In automated parametric testing of semiconductor devices, there is a desire to collect large amounts of data from devices on wafers using a minimum set of expensive parametric test equipment shared amongst large numbers of devices. This is generally achieved by switching or multiplexing the parametric test equipment output amongst device inputs across the whole wafer, one at a time. For example, an external multiplexer may reside on top of a probe card on a wafer prober, which makes contact with a probe card through pogo pins. Conventional solutions to multiplexing the signals on top of the probe card, on the wafer prober, can use a large number of relays and switches in the construction of the multiplexer, which can be unnecessarily expensive.
FIG. 1 schematically illustrates such a conventional arrangement for testing devices on a wafer 112. Referring to FIG. 1, a parametric tester 102 has N source lines 104 connected through a pin multiplexer 106, which selects pins of a wafer prober 108 to receive the N source lines. Typically the pin selection will vary for different devices (i.e., circuit layouts) in a semiconductor wafer under control of computer 110.
For example, a conventional automatic switch matrix multiplexer may utilize N relays (the number of outputs required) per M inputs (M×N total relays). For a 4 input multiplexer, multiplexing into forty eight outputs would use 4×48 relays.

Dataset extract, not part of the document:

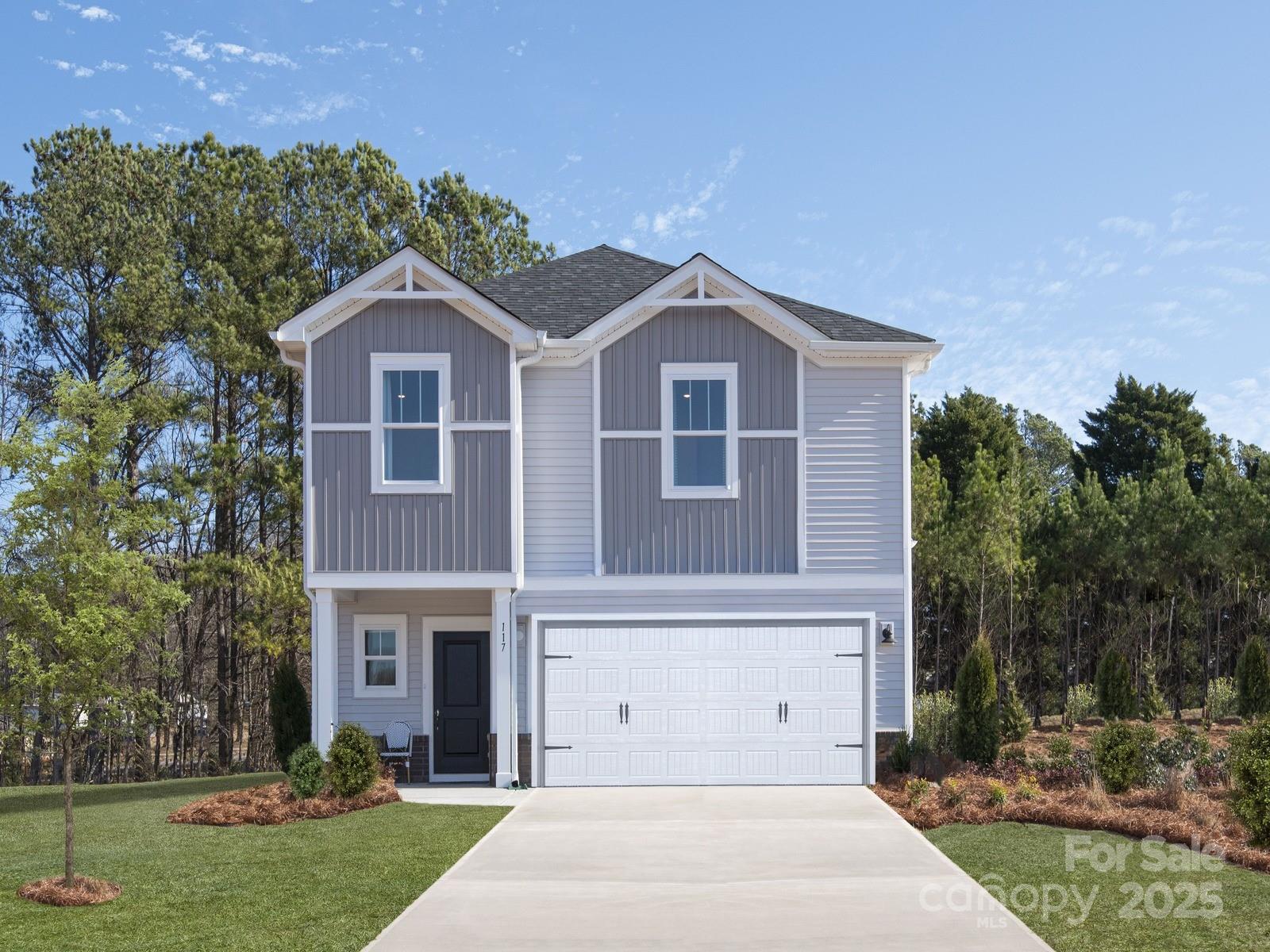 1500 31st Street Northeast Conover, NC 28613 - Photo 1 of 12 a front view of a house with a yard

U.S. patent application Ser. No. 11/270,371, filed Nov. 8, 2005 and entitled “Semi Automatic Multiplexing System” describes an example parametric test system in which four inputs are switched into banks of four jumpers which then make manual connectivity with four of forty eight possible outputs. In this system, the input sources can only be connected to a corresponding jumper output position. For example, input 1 can only be connected to output 1 of banks 1 through 12 (in the case of 48 outputs), input 2 can only be connected to output 2 of banks 1 through 12 and so on. Each relay, though, can be actuated independently. This way, a reduction of expensive relays can be achieved but yet no flexibility is lost or sacrificed. A trivial case of this scheme is when the four input sources are hardwired to four outputs that have all forty eight outputs run across them and connected manually to the four inputs by manually placing jumpers at the grid intersections. This way, the multiplexer can be completely manual and operate without relays.